U.N. Condemns 'Grave' Syria War Spillover into Golan
The United Nations on Tuesday condemned fighting by Syrian forces close to a Golan Heights ceasefire line with Israel as a new threat to stability in the region.
Israel demanded action by the U.N. Security Council after one of its patrols in the buffer zone was hit Monday by bullets fired by Syrian forces who are battling rebels in the area.
U.N. spokesman Martin Nesirky said a mortar shell and a tank round fired from the Syrian side of a ceasefire line created in the Golan Heights in 1974 had landed on Israel's side.
"The presence of military personnel and the military operations in the area of separation are grave violations of the 1974 agreement" setting up the demilitarized zone, Nesirky said.
"It has the potential to escalate tensions between Israel and Syria and jeopardizes the ceasefire between the two countries and the stability of the region," the spokesman added, highlighting the "serious safety and security risks" to the U.N. unarmed force in the Golan.
The U.N.'s top political official Jeffrey Feltman said the fighting in Golan and increased tensions in Lebanon and Turkey showed that the "risk is growing that this crisis could explode outward into an already volatile region."
Syria, stricken by a 20 month old uprising against President Bashar Assad, remains formally at war with Israel, which captured part of the Golan Heights in a 1967 war and annexed it in 1981. The move has never been recognized by the international community.
Since a 1974 agreement between the two countries, a 1,200-strong unarmed U.N. force, UNDOF, has patrolled the Golan buffer zone.
Nesirky said UNDOF had seen Syrian forces "conducting operations with at least four main battle tanks and mortar fire inside the area of separation."
He said the Golan was "relatively quiet" on Tuesday but the UNDOF commander was trying "to prevent an escalation of tension" between Syria and Israel.
Israeli diplomats said the Syrian tanks appeared to have left the buffer zone but there was still fighting between the Syrian army and rebel groups as part of the 20-month old uprising against President Bashar Assad.

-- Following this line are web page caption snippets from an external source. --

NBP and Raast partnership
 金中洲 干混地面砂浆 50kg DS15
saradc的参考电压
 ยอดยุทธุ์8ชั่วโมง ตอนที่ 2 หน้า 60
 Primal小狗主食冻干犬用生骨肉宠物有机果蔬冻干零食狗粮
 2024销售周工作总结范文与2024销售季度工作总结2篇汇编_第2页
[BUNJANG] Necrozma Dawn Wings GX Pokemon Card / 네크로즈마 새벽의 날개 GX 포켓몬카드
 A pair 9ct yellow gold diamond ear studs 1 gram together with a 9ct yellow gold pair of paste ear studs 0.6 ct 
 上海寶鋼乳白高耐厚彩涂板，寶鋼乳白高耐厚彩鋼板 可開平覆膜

The Israeli military patrol was hit by gunfire from the Syrian side on Monday. Israel's U.N. ambassador Ron Prosor said his country viewed the heightened tensions with "utmost concern."
Prosor also called the presence of Syrian tanks in the Golan buffer zone a "grave violation" of the 1974 agreement zone.
"This represents a dangerous escalation that could have far-reaching implications for the security and stability of our region," Prosor said in a letter to the Security Council.
"Israel has shown maximum restraint. However, Israel views the continued violations of the Separation of Forces agreement by the Syrian military forces with the utmost concern," the ambassador added.
"The international community and the Security Council should address this alarming development without delay to prevent further escalation," Prosor said.
A military spokesman said an Israeli vehicle was hit by stray bullets on Monday while it was near the Golan ceasefire line. There were no injuries.
Israel's armed forces chief, Lieutenant General Benny Gantz, said Sunday his country could become involved in the Syrian conflict, as fighting between the army and rebels raged near Israeli positions on the strategic heights.